When one has no stake in the decisions, it's easy to look at budget figures and enrollment projections and see the rational basis, the financial imperative, for shuttering campuses. They are a common occurrence; an article in The Wall Street Journal this month said that districts in the United States shuttered 1,069 traditional public schools in 2010-11.
But when the closing talk veers a little too closely from professional to the personal, facts and figures are quickly trumped by tradition and sentiment.
So I've been thinking a lot lately about Chicago, which now is embroiled in the task of deciding which of its 680 schools it will seek to close. I attended only one year in Chicago Public Schools, in Mrs. Bernstein's kindergarten class at Hayt Elementary. That school is unlikely to be on the list — it's operating this year at 107 percent capacity — but 100 or more schools operating much less efficiently across the city may be targeted for closing.
My own experience tells me those closings will affect more than just those students enrolled in the schools. Although I attended Catholic school after kindergarten, the public school still was the center of the neighborhood and many of my childhood memories. I took my first basketball shot on the playground; in the winter, when they froze the gravel playground, it's where I made my first ankle-wobbling attempts at ice skating; years later, that playground was where my friends and I won the neighborhood 16-inch softball championship.

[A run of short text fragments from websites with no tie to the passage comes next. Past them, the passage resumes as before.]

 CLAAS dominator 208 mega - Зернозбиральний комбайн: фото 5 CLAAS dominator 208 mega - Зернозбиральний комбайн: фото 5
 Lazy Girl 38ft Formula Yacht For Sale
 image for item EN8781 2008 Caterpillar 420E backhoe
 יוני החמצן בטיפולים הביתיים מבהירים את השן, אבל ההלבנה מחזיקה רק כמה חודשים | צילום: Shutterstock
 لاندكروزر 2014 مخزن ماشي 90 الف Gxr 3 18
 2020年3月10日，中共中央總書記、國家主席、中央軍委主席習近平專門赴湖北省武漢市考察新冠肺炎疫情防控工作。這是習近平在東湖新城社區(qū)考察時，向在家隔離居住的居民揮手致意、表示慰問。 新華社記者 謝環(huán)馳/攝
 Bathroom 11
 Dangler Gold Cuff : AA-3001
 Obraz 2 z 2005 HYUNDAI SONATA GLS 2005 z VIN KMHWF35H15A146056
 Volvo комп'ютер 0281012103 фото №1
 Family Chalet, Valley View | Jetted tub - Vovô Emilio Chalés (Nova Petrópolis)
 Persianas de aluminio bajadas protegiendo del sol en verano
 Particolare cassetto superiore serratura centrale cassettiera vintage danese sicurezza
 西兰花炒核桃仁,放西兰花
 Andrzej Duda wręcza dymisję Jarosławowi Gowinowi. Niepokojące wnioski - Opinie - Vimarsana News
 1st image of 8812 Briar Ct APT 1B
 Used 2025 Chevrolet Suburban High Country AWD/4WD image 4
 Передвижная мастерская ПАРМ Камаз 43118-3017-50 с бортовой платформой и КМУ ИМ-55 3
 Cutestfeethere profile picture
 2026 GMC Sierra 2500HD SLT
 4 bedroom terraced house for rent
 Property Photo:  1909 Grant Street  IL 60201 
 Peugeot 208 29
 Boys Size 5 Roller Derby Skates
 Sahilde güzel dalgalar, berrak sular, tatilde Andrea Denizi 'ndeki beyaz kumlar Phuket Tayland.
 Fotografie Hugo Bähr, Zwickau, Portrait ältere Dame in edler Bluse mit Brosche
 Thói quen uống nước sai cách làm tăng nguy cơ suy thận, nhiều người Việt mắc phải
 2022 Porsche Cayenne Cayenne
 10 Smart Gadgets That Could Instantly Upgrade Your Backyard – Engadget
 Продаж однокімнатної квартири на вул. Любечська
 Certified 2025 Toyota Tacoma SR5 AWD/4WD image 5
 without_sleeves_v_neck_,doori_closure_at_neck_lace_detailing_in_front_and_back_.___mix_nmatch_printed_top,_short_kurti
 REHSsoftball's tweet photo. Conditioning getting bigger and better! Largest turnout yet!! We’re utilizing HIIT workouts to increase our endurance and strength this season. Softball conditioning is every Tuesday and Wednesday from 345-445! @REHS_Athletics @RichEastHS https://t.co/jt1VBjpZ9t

The numbers provide a strong argument for mass closings in Chicago — district figures show that 403,000 students attend city schools, but districtwide classroom capacity is more than 511,000. A gaping budget deficit and a new teachers contract to pay for mean that closing schools is one of the few ways the system can cut expenses.
Finances likely will be the overriding factor in deciding which schools must close, but the decisionmakers in Chicago should keep in mind that the city may lose more than just excess capacity.